Mister Heavenly — Out of Love. Out 8/16, Sub Pop Records.
I’m never at a loss when it comes to describing a band, even if my descriptions are out there. I once said that Augustana sounded like trees, as you might remember, and earlier this year I compared Dale Earnhardt Jr Jr to salad dressing. But I have struggled like crazy to convince other people to give this album a shot, because I can’t do it justice when it comes to words. “It’s a ’50s doowop reggae synth black metal surf punk album!” I say, and then people flee before me.

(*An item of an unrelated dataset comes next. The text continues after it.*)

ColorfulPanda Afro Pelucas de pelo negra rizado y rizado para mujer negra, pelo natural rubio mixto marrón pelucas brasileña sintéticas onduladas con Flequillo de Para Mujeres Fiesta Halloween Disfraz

And that’s not even a great description of what Mister Heavenly is doing on their clever, catchy, and occasionally frightening debut album. It’s just the best I can do, because like so much else going on musically today, this album and this band simply defy genres, and defy description. They’re as much punk as they would have fit perfectly at Moogfest, they’re Phil Spector if he had had a serious thing for crazy synthesizer reggae. They’re Dax Riggs but darker and poppier. This is a freak out mess of an album, from ragingly destructive opener “Bronx Sniper” (which scared the shit out of me the first time I listened to it, at 3:15 am on a Wednesday morning in the midst of a bout of insomnia; when the guitars and the roughly murderous vocals kicked in, I actually shrieked) to the dark swing and catch of “Doom Wop” through the genuine sun of “Pineapple Girl”.

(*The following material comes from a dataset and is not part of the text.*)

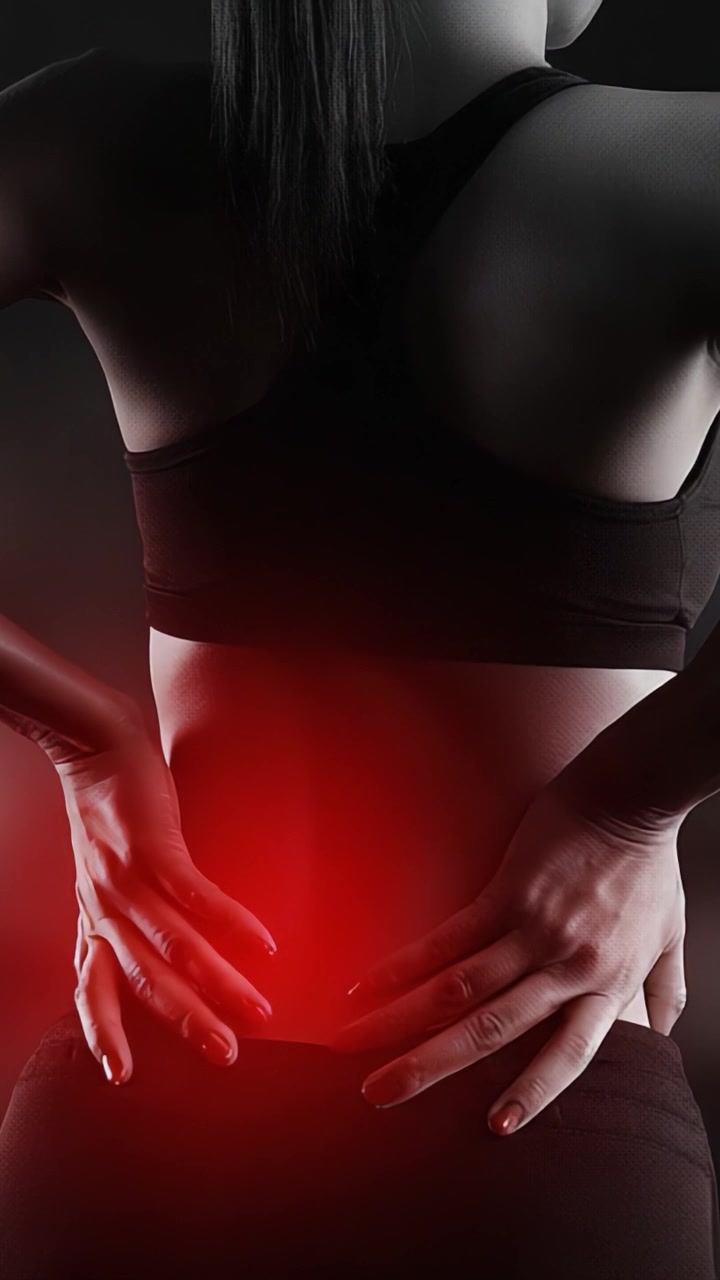 Una rappresentazione visiva sorprendente del disagio: Focalizzata sulla vista posteriore di un atleta che prova un significativo dolore lombare in un drammatico bagliore rosso.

Mister Heavenly takes everything they have at their disposal — earworm worthy lyrics, slightly off and desperately charming harmonized verses instead of choruses, outrageous instrumentaion — and puts together an album that turns every corner at a hundred miles an hour and basically doesn’t miss a single trick. “I Am A Hologram” might have come off an early Stones demo, but “Charlene” didn’t come from anywhere but the fusion of the British Invasion and the Crystals — and I’d say the same thing about “Mister Heavenly” if it hadn’t been run through both the ’80s surf rock filter and the ’90s Seattle guitar fuzz filter.
This feels like an attempt to cram as many buzzwords into a review as possible, but I swear to you it’s not; I have not been able to get enough of this album since I got it from Sub Pop, because it’s just one long hook made by a bunch of musicians who know their stuff backwards and forwards. I’d love to sit down with the band and go through the album track by track, just to get them to list off every influence scattered in every track — and to thank them, face to face, for the goosebumps that the creepy chorus of “Mister Heavenly” raises on my arms every time I hear it, because it’s one of the weirdest, most romantic things I’ve heard in a long time, and that’s the best compliment I can give this album.
I missed Mister Heavenly at the 506 last night mostly because I am an idiot, but don’t sleep on this album. It’s crept quietly into my top ten without much fanfare, but it deserves to be there, if not the top five, like nothing else I’ve heard in a long time.